**TASK:** Go through the records below and report each line with "фото" in it.
++++++
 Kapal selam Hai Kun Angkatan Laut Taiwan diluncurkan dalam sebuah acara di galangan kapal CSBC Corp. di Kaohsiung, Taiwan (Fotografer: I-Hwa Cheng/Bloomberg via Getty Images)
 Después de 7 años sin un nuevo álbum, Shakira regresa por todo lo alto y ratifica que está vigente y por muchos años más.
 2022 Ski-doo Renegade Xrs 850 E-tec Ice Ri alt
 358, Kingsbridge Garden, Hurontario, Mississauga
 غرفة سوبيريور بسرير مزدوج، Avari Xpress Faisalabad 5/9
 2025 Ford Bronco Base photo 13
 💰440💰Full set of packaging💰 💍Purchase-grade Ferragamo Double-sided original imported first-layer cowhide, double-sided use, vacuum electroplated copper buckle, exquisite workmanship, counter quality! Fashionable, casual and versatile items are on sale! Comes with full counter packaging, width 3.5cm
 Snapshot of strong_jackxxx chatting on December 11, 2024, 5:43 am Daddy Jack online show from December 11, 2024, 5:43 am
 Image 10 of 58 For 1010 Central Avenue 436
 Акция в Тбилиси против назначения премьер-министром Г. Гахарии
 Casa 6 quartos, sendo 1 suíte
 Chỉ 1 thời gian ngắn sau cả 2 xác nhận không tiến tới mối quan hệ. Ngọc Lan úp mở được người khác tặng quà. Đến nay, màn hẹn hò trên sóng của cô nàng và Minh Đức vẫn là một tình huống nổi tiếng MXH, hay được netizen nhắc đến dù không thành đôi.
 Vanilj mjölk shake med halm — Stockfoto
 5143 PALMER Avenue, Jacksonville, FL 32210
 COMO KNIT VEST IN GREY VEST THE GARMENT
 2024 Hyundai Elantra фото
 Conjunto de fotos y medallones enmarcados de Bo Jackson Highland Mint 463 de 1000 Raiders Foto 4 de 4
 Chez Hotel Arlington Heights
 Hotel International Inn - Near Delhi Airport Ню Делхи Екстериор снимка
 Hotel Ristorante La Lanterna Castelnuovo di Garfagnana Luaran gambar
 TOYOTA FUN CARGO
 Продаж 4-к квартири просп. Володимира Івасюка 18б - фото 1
++++++
**OUTPUT BELOW:**
 2024 Hyundai Elantra фото
 Продаж 4-к квартири просп. Володимира Івасюка 18б - фото 1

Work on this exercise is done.